Given it is saturated liquid. Hence, the specific enthalpy of water is 417.50 kJ/kg

Saturation temperature is given as 372.76 K

Hence the totatl enthalpy of water = 417.5 x 0.45 = 187.875 kJ

Specific volume of water = 0.0010432 m3/kg

Hence, initial volume = 0.0010432 x 0.45 = 0.00046944 m3

Given it is contained in a container with diameter of piston = 6 inch = 0.1524 m

Area of the piston = 0.0729 m2

Hence, height of the piston = 0.0064 m = 6.4 mm

Given it is heated at 500 W for 10 min

Total heat addition = 500 J/sec x 10 x 60 = 300 kJ

Hence, final enthalpy of the substance = 487.875 kJ

Hence, specific enthalpy is = 1084.16 kJ/kg

Assuming that x mole fraction has converted into steam, we know that the specific enthalpy of the steam is given by

h = hf + hg

hg = 2674.9 kJ/kg

Hence 1084.6 = 417.5 (1-x) + 2674.9 x

Solving for x, we get x = 0.29

Hence, new specific volume is v = (1-x)vf + x vg = (1-0.29)0.0010432 + 0.29*1.6939 = 0.491974

Hence, total volume = 0.22138 m3/kg

The new height of piston = 3.036 m

This is a drastic new height and very severe expansion.
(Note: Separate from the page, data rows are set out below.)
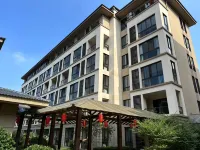 Jiangshan Yihao Chinese Inn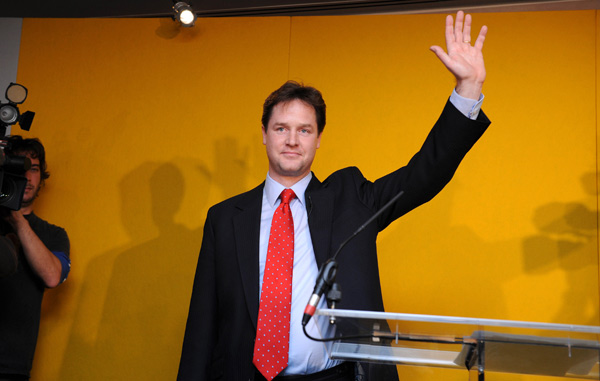 Clegg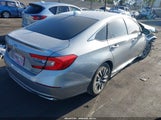 Honda Accord Hybrid Ex-L 1HGCV3F54KA013707 снимка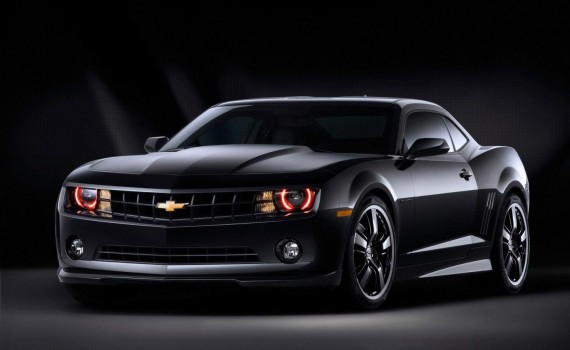 Free Send to Mobile Phone Chevrolet Cars wallpaper num.18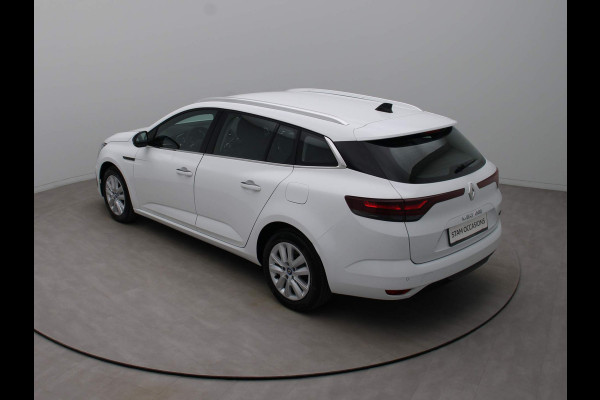 Renault MEGANE Estate E-Tech Plug-In Hybrid 160pk Equilibre Climate | Navi | Parksens. v+a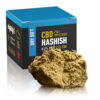 Eighty8 CBD Hashish Dry Sift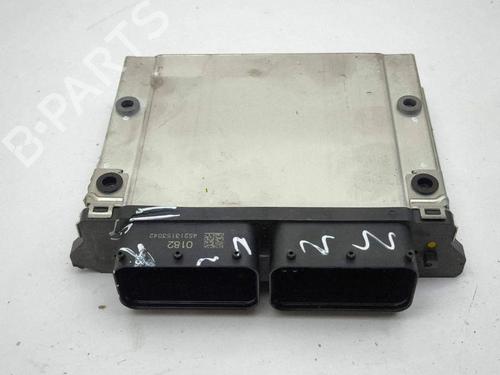 Engine control unit (ECU) KIA STONIC (YB) 1.0 T-GDi | BP40210739M57 - Image 9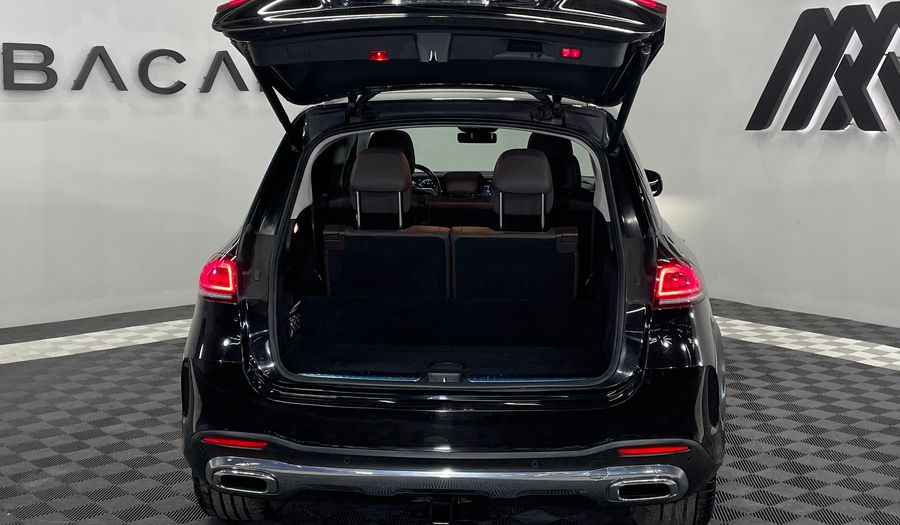 Mercedes Benz Clase Gle 3.0 MHEV 450 SPORT AUTO 4MATIC Suv 2021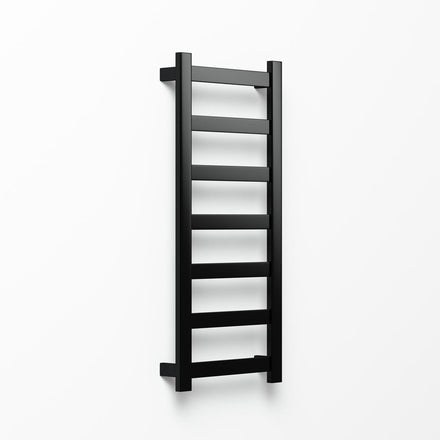 Hybrid Heated Towel Ladder - 102x45cm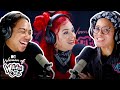 Justina Valentine Dishes on Dating, Her Music, and More - MTV's Women of Wild 'N Out Podcast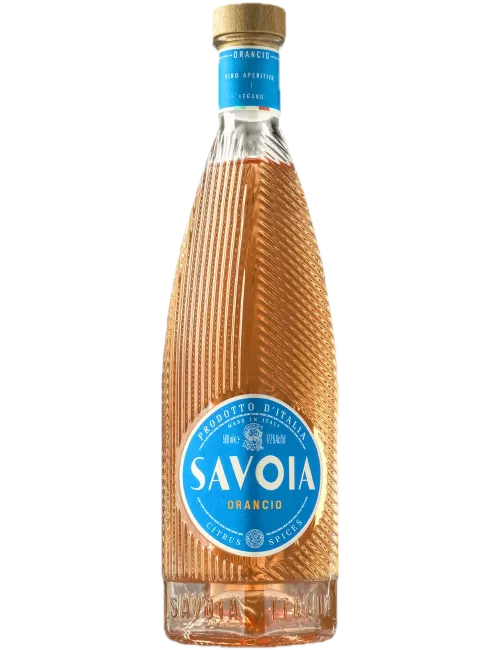 Savoia - Orancio - Vermouth
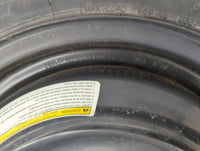 2010-2020 Nissan Rogue Spare Donut Tire Wheel Rim Oem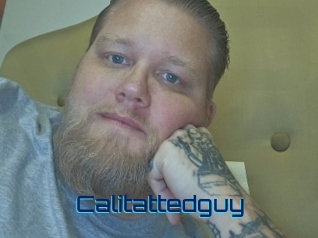 Calitattedguy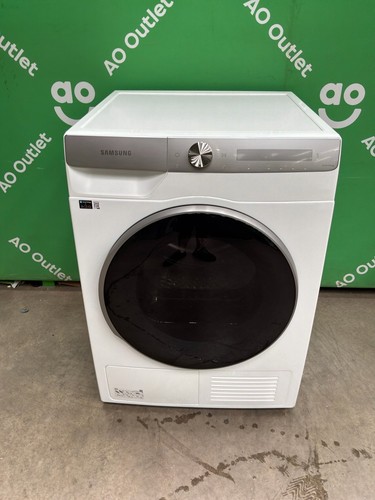Samsung 9kg heat - heat, pump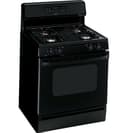 30" Free-Standing Gas Range view 3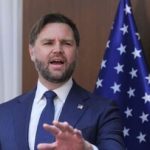 دستگیری یک آمریکایی به اتهام تهدید به ترور معاون ترامپ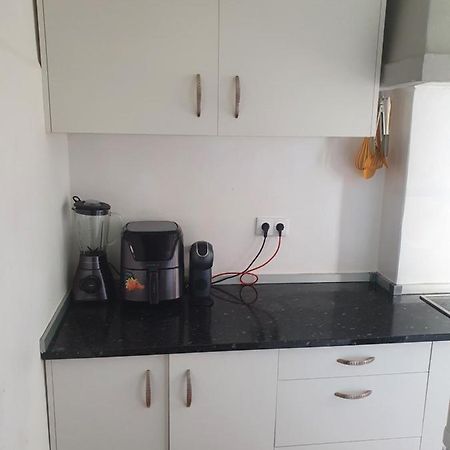Habitacion Sencilla Con Balcon Vigo Exteriör bild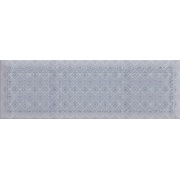 Декор Absolut Keramika Dots Soft Lines Azul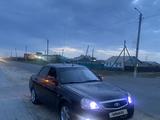 ВАЗ (Lada) Priora 2170 2008 годаүшін900 000 тг. в Уральск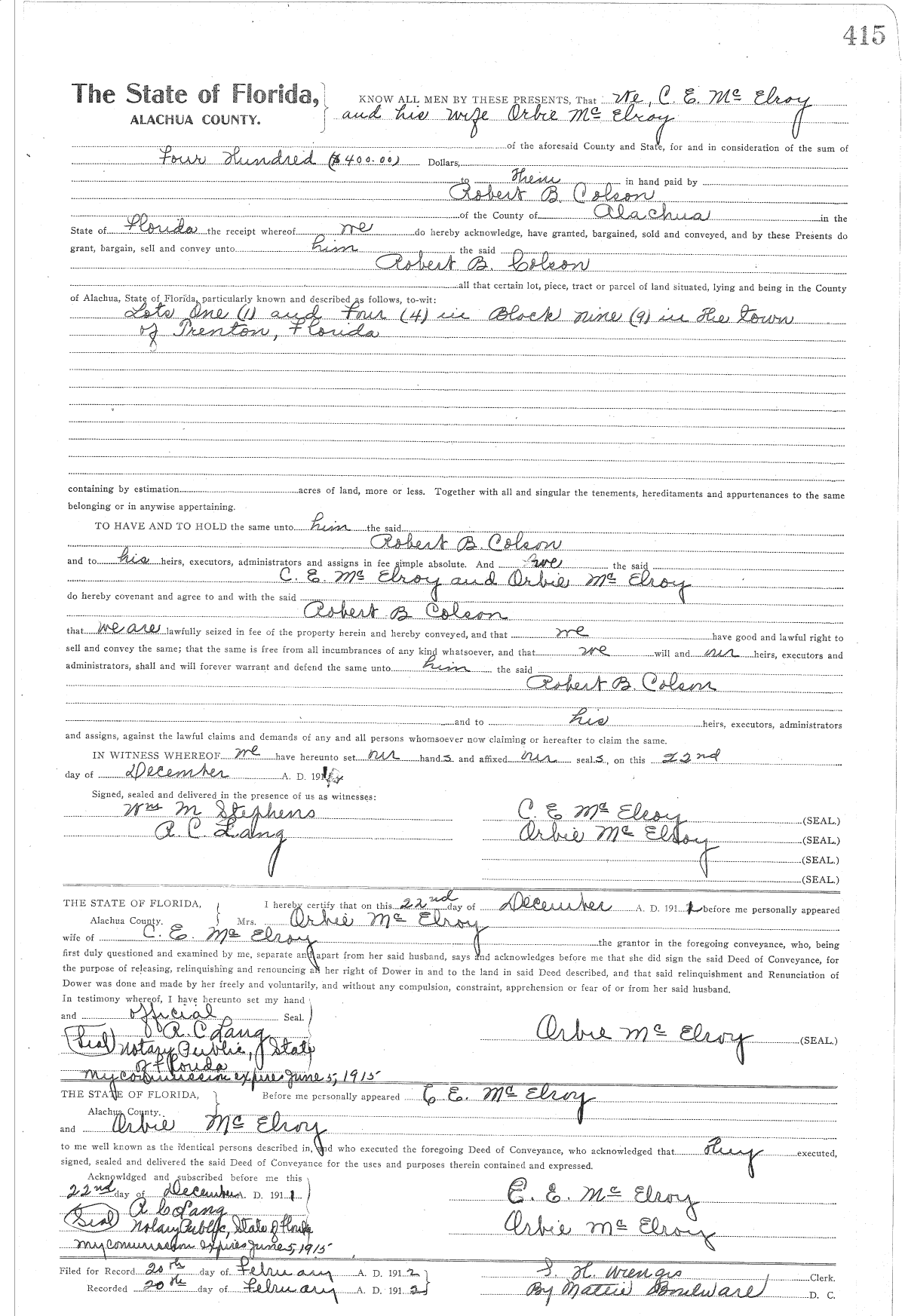 Click Here for Larger Image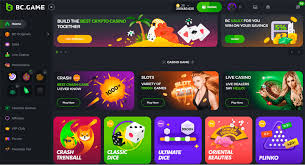 BC Game Promotions Unlock the Excitement and Rewards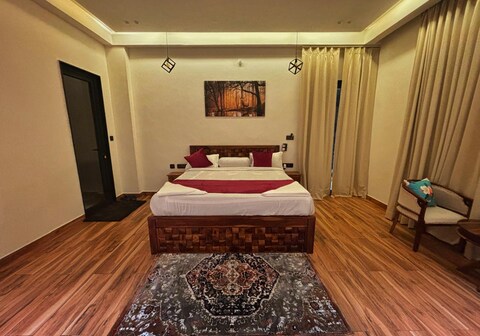 Ranthambhore Bunglow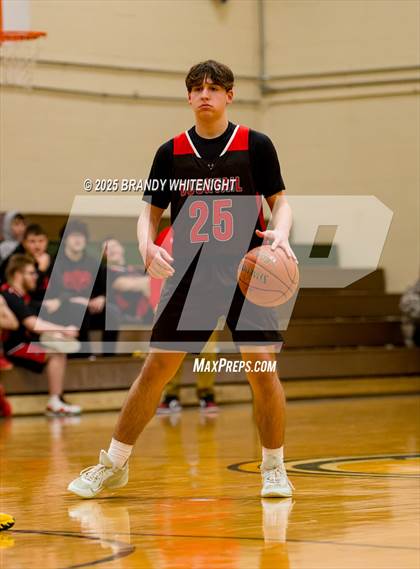 Thumbnail 2 in Bucktail @ Columbia Montour Vo-Tech photogallery.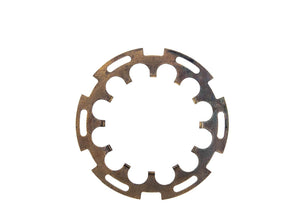 Polaris RZR Heavy Duty Armature Plate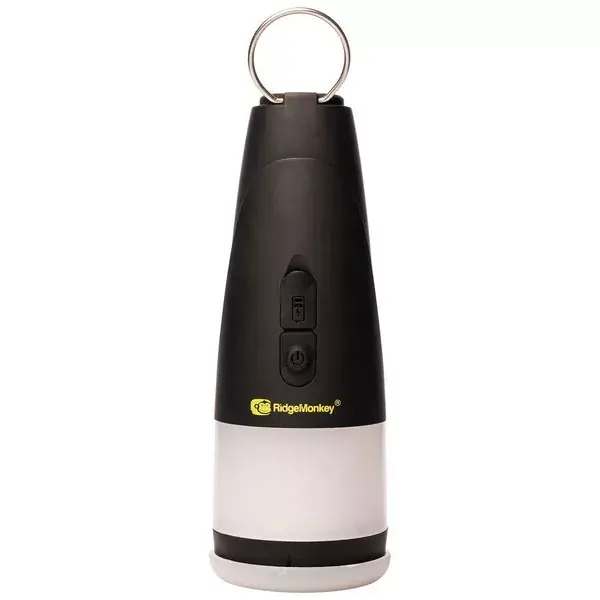 Dagaanbieding RIDGEMONKEY MULTI LITE LITE PLUS TÖLTHETŐ LÁMPA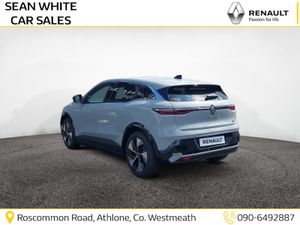 Renault Megane TECHNO EV60 220BHP AC11K - Image 4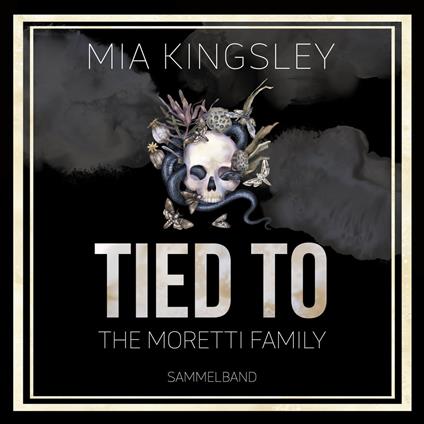Tied To The Moretti Family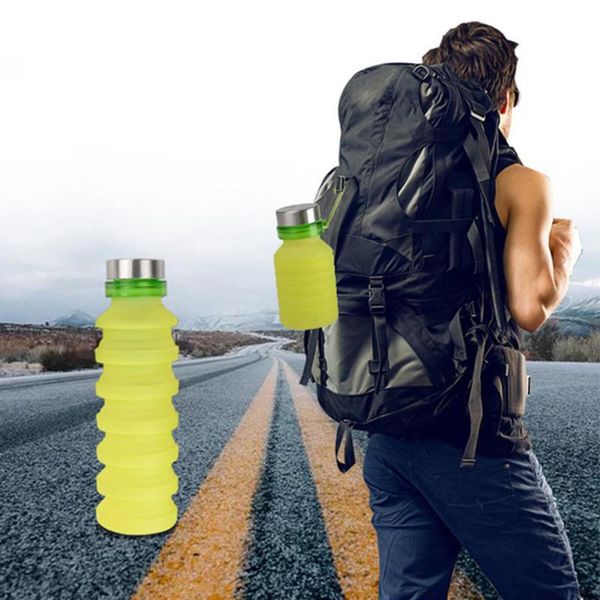 water bottle 550ml soft lightweight foldable camping silicone cup travel leak-proof outdoor sports cycling portable hiking
water bottle 550ml soft lightweight foldable camping silicone cup travel leak-proof outdoor sports cycling portable hiking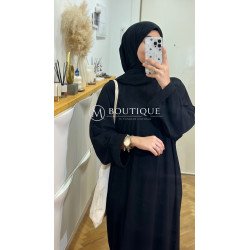 Abaya Sport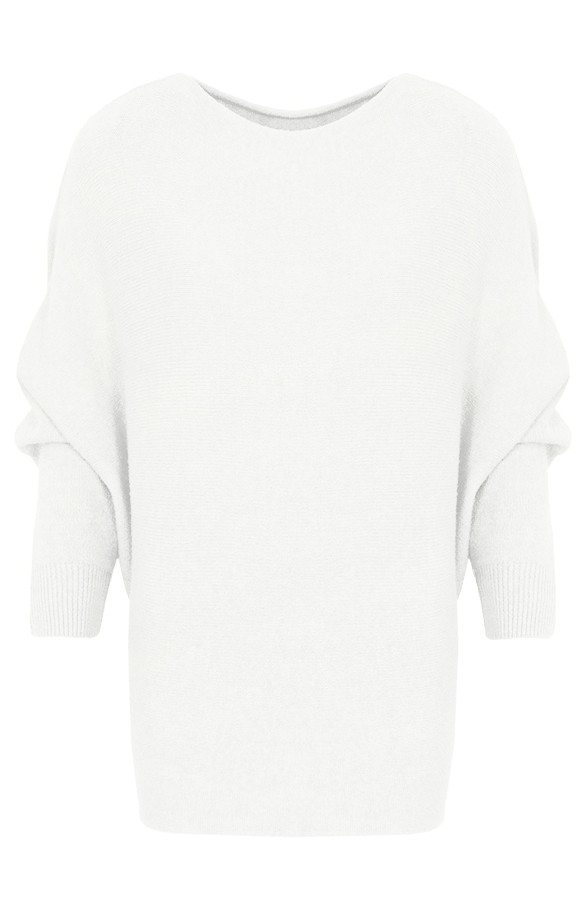 Oversized-Soft-Trui-Creme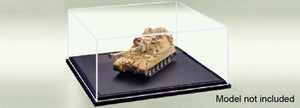 Trumpeter 09812 DISPLAY CASE 09812 170mmX170mmX70mm – zdjęcie 2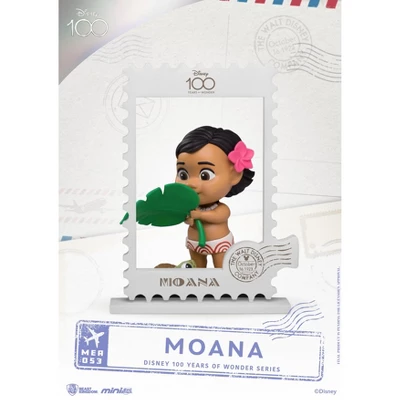 Disney 100 Years Of Wonder Series MOANA(Mini Egg Attack) 3 Disney 100 Years Of Wonder Series MOANA(Mini Egg Attack)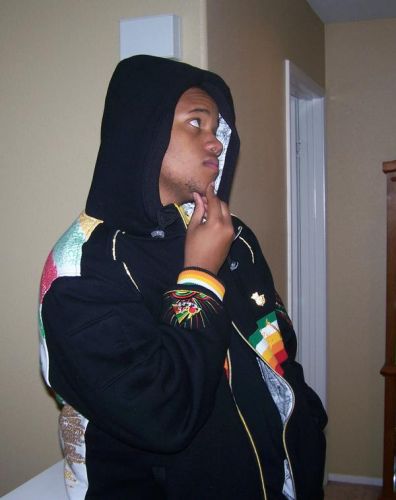 Dmarco Thomas
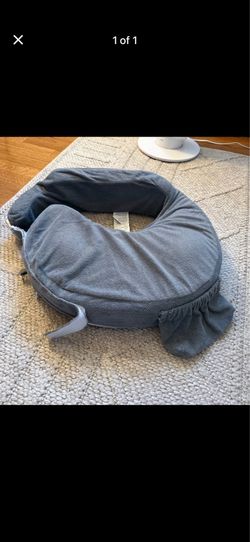 My Brest Friend Nursing Pillow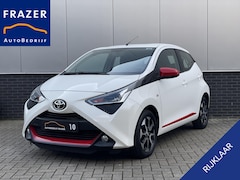 Toyota Aygo - 1.0 VVT-i x-play AUTOMAAT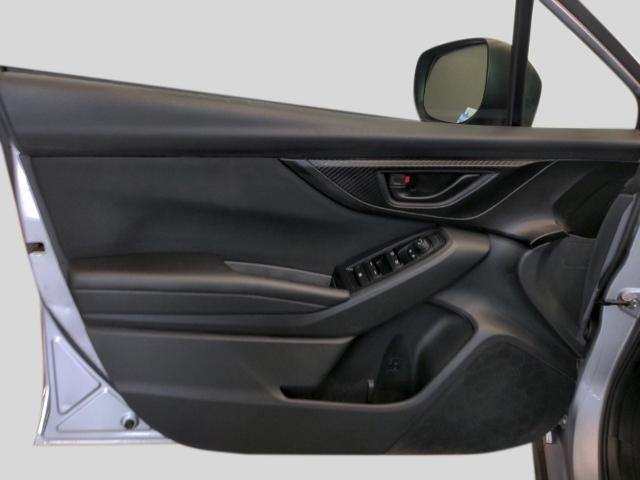 2020 Subaru Crosstrek Vehicle Photo in Green Bay, WI 54304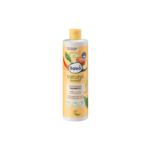 Balea Shampoo Natural Beauty avec huile d'avocat et beurre de mangue, 400 ml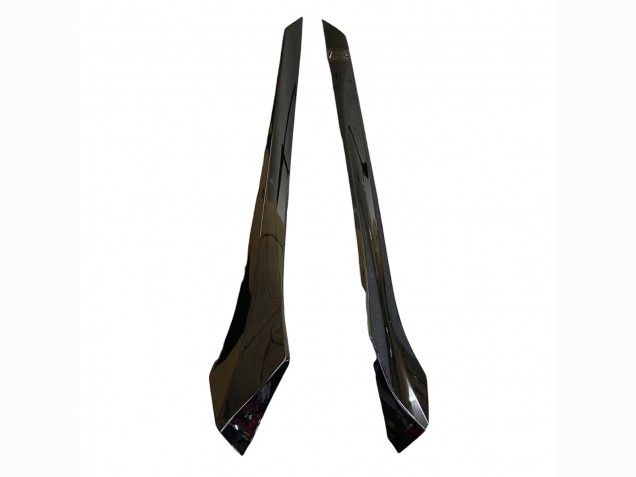 Carenados Moto Yamaha XMAX300 2017-2021 - Negro Brillante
This is mainly due to the fact that water vapour occupies a lot more space than water.

Now, it is given that heat addition continues with the same volume until a pressure of 29 psi is reached = 0.2MPa

We know that the volume remains the same and hence the specific volume remains the same.

But due to the heat addition, we know that more water could become vapour. Let us assume the new mole fraction x

The specific volume of liquid corresponding to 29 psi vf= 0.0010605

vg = 0.88568

Hence 0.491974 = (1-x)0.0010605 + x*0.88568

Hence, new mole fraction x= 0.55

Hence, the specific enthalpy now is given by h = (1-0.55)504.70 + 0.55*2706.2 = 1715.525 kJ/kg

Hence, the total enthalpy of the fluid is = 771.98 kJ

Assuming that there is no heat loss, the heat input from the previous stage is added up as enthalpy.

Hence, heat addition is 771.98 - 487.875 = 284.11 kJ = 284110 J

The rate of heat addition is 500W. Hence time taken to add that much heat = 568.2 seconds = 9.47 minutes.

I am sure looking up the tables, you can draw the pertaining graphs for all the required charts.